## Assigned task
The required output is the exact run of lines below that opens at the line with "SJ-305C Kabelendhülsen-Crimpzange für" and closes at the line with "Volunteers at the".

+++ Dataset

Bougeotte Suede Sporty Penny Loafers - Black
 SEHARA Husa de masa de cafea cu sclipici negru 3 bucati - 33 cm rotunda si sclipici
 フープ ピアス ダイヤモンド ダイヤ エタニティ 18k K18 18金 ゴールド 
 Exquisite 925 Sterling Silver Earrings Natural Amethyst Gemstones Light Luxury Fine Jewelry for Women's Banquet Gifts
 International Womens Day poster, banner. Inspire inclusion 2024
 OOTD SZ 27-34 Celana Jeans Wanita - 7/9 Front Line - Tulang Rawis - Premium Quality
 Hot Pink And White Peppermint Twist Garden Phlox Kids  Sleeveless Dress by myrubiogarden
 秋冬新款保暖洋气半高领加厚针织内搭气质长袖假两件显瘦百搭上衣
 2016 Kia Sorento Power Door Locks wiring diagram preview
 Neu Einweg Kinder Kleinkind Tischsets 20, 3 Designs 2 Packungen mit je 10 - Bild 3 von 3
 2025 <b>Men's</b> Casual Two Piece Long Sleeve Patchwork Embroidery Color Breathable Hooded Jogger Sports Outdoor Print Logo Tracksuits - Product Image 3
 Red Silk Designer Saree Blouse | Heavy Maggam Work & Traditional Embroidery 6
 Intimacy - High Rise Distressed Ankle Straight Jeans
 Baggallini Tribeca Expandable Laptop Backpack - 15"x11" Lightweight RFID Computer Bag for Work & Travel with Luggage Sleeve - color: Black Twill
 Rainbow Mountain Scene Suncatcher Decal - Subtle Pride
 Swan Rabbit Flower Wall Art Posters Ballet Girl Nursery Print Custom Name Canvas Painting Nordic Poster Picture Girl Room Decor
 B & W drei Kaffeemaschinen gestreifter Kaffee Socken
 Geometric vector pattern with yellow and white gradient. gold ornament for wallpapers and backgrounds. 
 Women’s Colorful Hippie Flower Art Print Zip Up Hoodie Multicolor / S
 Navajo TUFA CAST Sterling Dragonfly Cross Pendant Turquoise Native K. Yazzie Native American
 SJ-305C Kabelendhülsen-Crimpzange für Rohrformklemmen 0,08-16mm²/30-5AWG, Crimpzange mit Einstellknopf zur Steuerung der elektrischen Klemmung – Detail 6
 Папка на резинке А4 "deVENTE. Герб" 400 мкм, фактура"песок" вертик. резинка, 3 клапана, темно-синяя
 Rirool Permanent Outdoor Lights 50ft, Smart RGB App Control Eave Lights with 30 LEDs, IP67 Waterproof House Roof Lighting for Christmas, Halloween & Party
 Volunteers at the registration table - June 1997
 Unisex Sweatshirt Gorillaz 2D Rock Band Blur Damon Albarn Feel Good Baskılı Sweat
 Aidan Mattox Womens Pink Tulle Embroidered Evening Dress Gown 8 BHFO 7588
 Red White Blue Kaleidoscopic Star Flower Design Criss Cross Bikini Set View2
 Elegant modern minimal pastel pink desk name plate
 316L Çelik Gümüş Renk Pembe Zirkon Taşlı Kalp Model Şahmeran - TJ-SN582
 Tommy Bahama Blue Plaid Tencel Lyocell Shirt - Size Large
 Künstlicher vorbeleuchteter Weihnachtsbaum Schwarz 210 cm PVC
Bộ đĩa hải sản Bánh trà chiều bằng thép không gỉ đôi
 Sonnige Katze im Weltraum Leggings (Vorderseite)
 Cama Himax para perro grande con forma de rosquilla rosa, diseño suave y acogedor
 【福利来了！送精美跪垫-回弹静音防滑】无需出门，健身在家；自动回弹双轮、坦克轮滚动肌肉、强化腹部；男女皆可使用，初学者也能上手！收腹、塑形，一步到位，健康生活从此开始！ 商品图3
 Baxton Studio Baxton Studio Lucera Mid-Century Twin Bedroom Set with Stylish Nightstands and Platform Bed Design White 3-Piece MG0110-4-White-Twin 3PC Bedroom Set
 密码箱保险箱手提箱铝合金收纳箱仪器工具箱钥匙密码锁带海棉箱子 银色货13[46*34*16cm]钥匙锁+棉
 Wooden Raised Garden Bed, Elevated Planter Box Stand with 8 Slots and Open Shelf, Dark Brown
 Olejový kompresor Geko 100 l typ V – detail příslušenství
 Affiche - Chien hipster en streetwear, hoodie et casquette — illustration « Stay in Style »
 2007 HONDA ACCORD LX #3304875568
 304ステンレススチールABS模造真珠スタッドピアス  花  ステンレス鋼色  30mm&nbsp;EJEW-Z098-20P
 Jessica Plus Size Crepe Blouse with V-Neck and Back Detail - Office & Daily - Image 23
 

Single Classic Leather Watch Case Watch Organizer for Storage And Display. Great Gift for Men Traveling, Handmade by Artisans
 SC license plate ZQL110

++++++

## Exercise response
 SJ-305C Kabelendhülsen-Crimpzange für Rohrformklemmen 0,08-16mm²/30-5AWG, Crimpzange mit Einstellknopf zur Steuerung der elektrischen Klemmung – Detail 6
 Папка на резинке А4 "deVENTE. Герб" 400 мкм, фактура"песок" вертик. резинка, 3 клапана, темно-синяя
 Rirool Permanent Outdoor Lights 50ft, Smart RGB App Control Eave Lights with 30 LEDs, IP67 Waterproof House Roof Lighting for Christmas, Halloween & Party
 Volunteers at the registration table - June 1997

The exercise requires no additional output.